The notebook covers the creation of sequences of tokens from words in a sentence.

In [1]:
from tensorflow.keras.preprocessing.text import Tokenizer

2023-08-23 08:38:09.729987: I tensorflow/tsl/cuda/cudart_stub.cc:28] Could not find cuda drivers on your machine, GPU will not be used.
2023-08-23 08:38:09.811772: I tensorflow/tsl/cuda/cudart_stub.cc:28] Could not find cuda drivers on your machine, GPU will not be used.
2023-08-23 08:38:09.813619: I tensorflow/core/platform/cpu_feature_guard.cc:182] This TensorFlow binary is optimized to use available CPU instructions in performance-critical operations.
To enable the following instructions: AVX2 AVX512F FMA, in other operations, rebuild TensorFlow with the appropriate compiler flags.


## Define training sentences in a list

In [2]:
##define list of sentences to tokenize
train_sentences = [
             'It is a sunny day',
             'It is a cloudy day',
             'Will it rain today?'

]

## Train the tokenizer

In [4]:
##set up the tokenizer
tokenizer = Tokenizer(num_words=100)

##train the tokenizer on training sentences
tokenizer.fit_on_texts(train_sentences)

##store word index for the words in the sentence
word_index = tokenizer.word_index

## Create sequences

In [7]:
##create sequences using tokenizer
sequences = tokenizer.texts_to_sequences(train_sentences)

In [8]:
##print word index dictionary and sequences
print(f"Word index -->{word_index}")
print(f"Sequences of words -->{sequences}")

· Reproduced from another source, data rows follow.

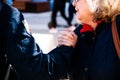 March for education. Strike. Civilian woman and policeman handshake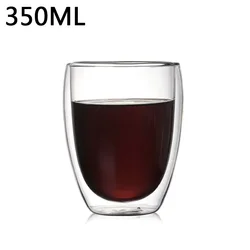 Handmade Double Wall Heat Resistant Glass Cup Set - 80-450ML - 6pcs (350ml A)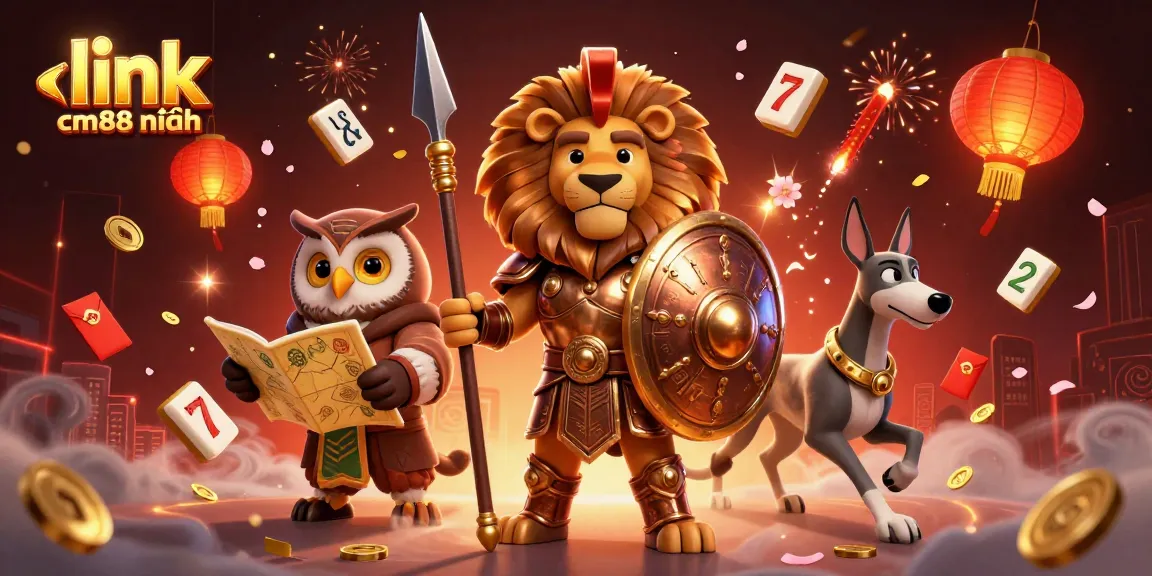 Engage with link cm88 mới nhất and enjoy thrilling casino scenes featuring a lion, owl, and greyhound surrounded by casino elements.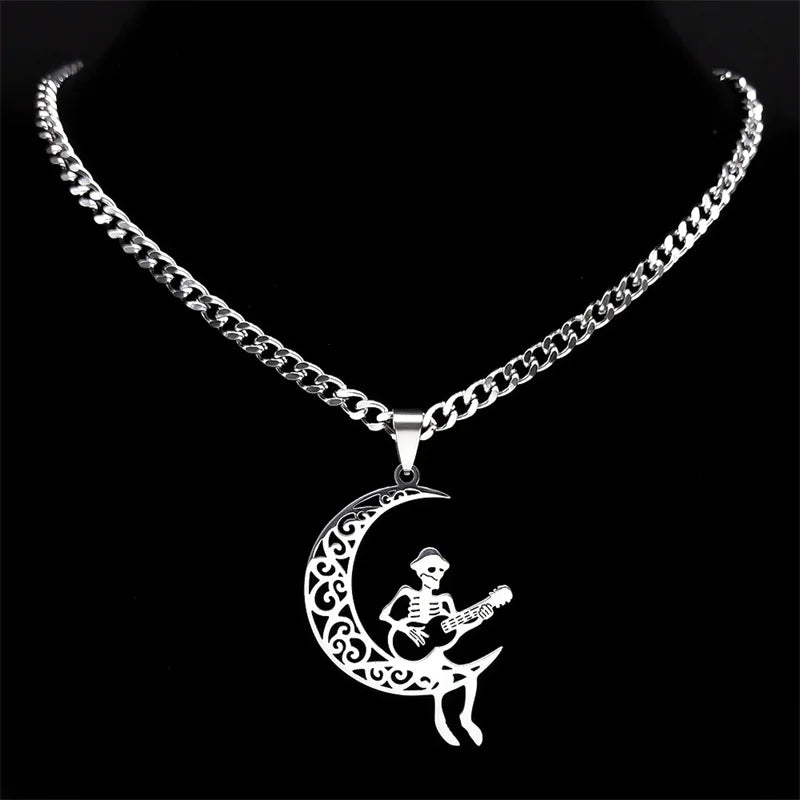 Moon Crescent Skeleton Skull Guitar Necklace – Stainless Steel Silver Jewelry for Women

Word index -->{'it': 1, 'is': 2, 'a': 3, 'day': 4, 'sunny': 5, 'cloudy': 6, 'will': 7, 'rain': 8, 'today': 9}
Sequences of words -->[[1, 2, 3, 5, 4], [1, 2, 3, 6, 4], [7, 1, 8, 9]]


In [9]:
##print sample sentence and sequence
print(train_sentences[0])
print(sequences[0])

It is a sunny day
[1, 2, 3, 5, 4]


## Tokenizing new data using the same tokenizer

In [10]:
new_sentences = [
                 'Will it be raining today?',
                 'It is a pleasant day.'
]

In [11]:
new_sequences = tokenizer.texts_to_sequences(new_sentences)

In [12]:
print(new_sentences)
print(new_sequences)

['Will it be raining today?', 'It is a pleasant day.']
[[7, 1, 9], [1, 2, 3, 4]]


## Replacing newly encountered words with special values

In [13]:
##set up the tokenizer again with oov_token
tokenizer = Tokenizer(num_words=100, oov_token = "<oov>")

##train the new tokenizer on training sentences
tokenizer.fit_on_texts(train_sentences)

##store word index for the words in the sentence
word_index = tokenizer.word_index

In [14]:
##create sequences of the new sentences
new_sequences = tokenizer.texts_to_sequences(new_sentences)
print(word_index)
print(new_sequences)

{'<oov>': 1, 'it': 2, 'is': 3, 'a': 4, 'day': 5, 'sunny': 6, 'cloudy': 7, 'will': 8, 'rain': 9, 'today': 10}
[[8, 2, 1, 1, 10], [2, 3, 4, 1, 5]]